Exercise objective: Everything from the line containing "Monari Pullover 434 Rosewood" through the final line below must be output exactly, both ends included, with nothing else and no pictures.

Information shown:
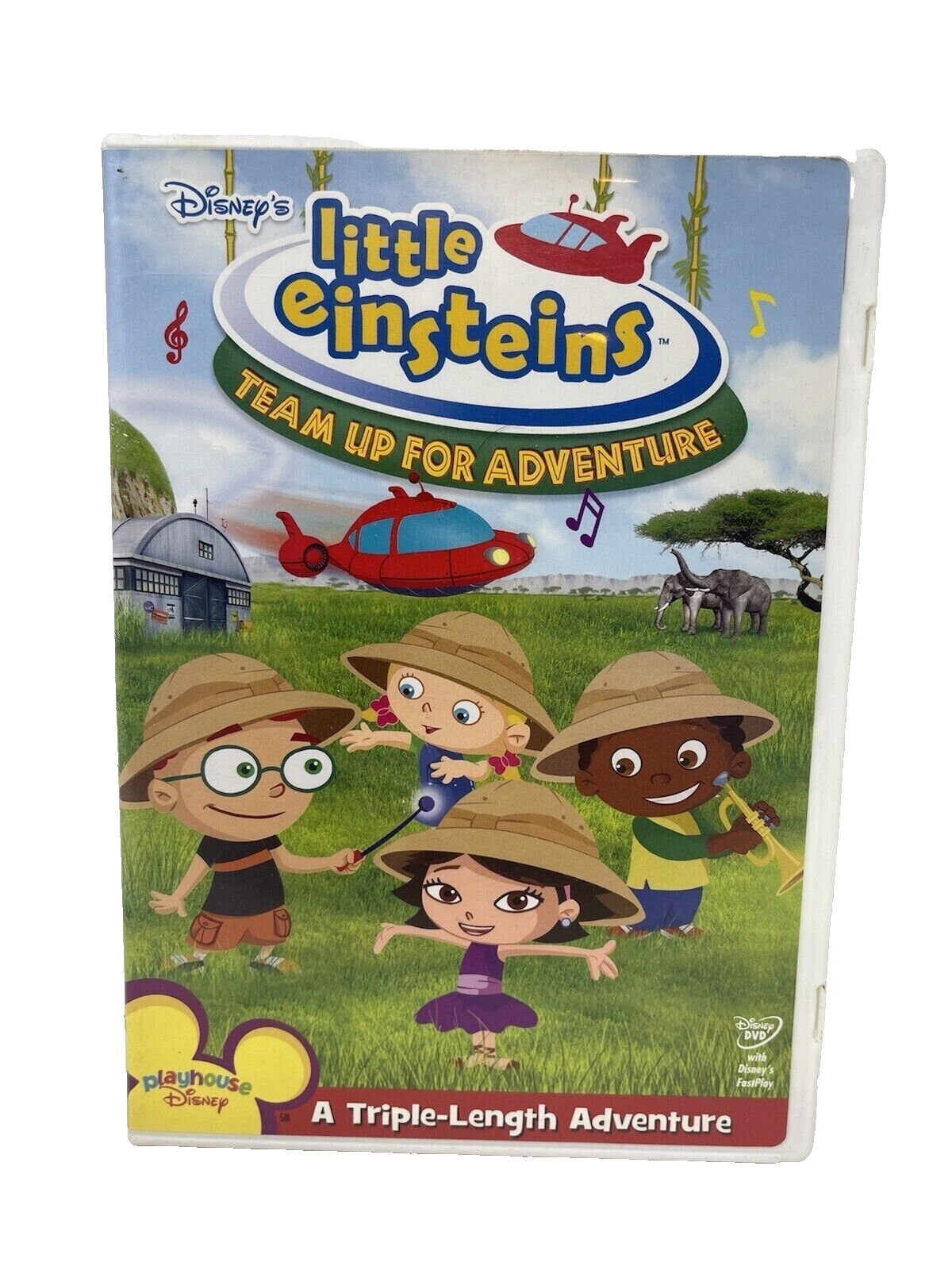 (未使用･未開封品)Disney's Little Einsteins - Team Up for Adventure Little Einsteins :Team Up for Adventure (DVD, 2005) | eBay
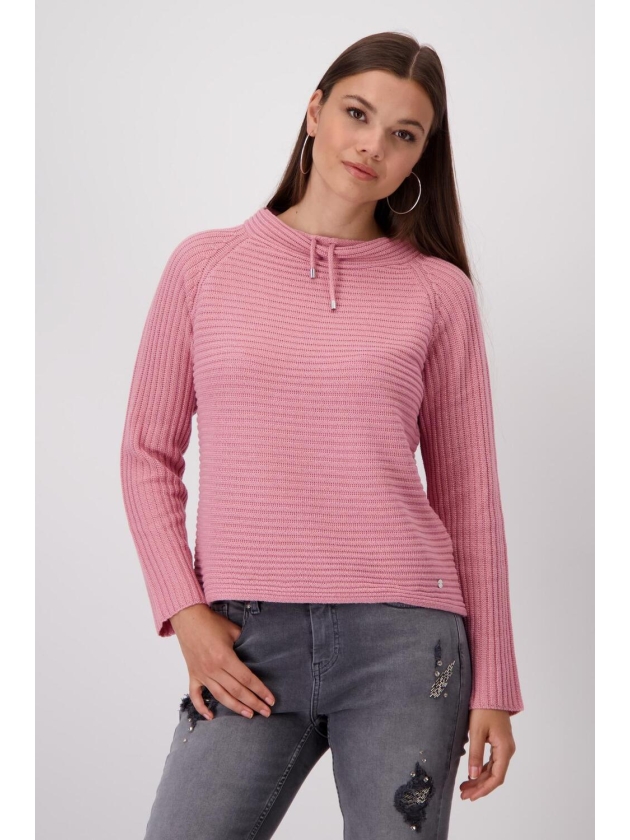 Monari Pullover 434 Rosewood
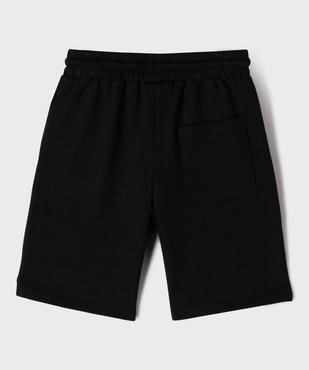 Bermuda de sport garçon - Chicago Bulls vue3 - NBA - GEMO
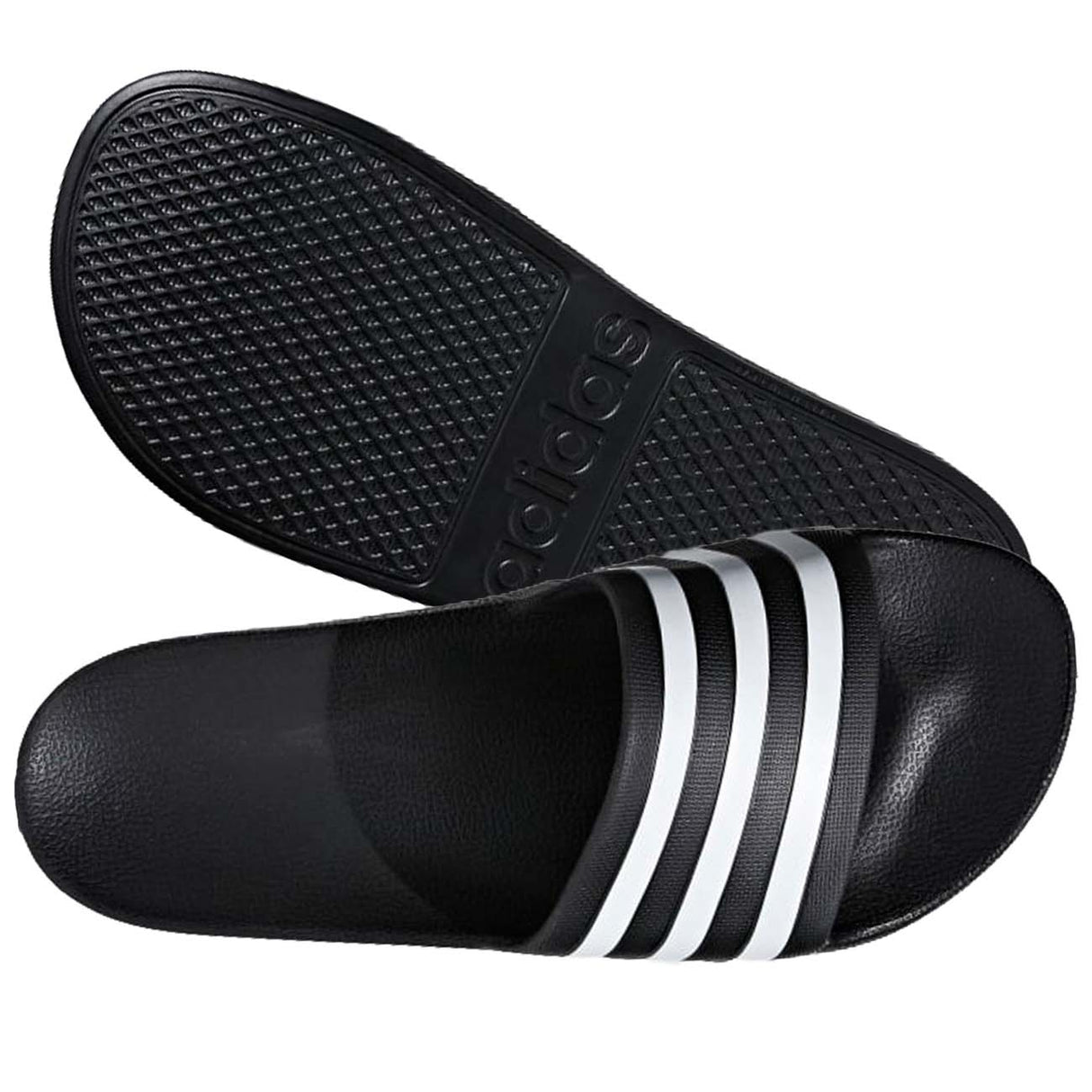 Claquettes ADIDAS F35543 ADILETTE AQUA NOIRE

Reply to the task:
 Monari Pullover 434 Rosewood
 Bermuda de sport garçon - Chicago Bulls vue3 - NBA - GEMO
 Claquettes ADIDAS F35543 ADILETTE AQUA NOIRE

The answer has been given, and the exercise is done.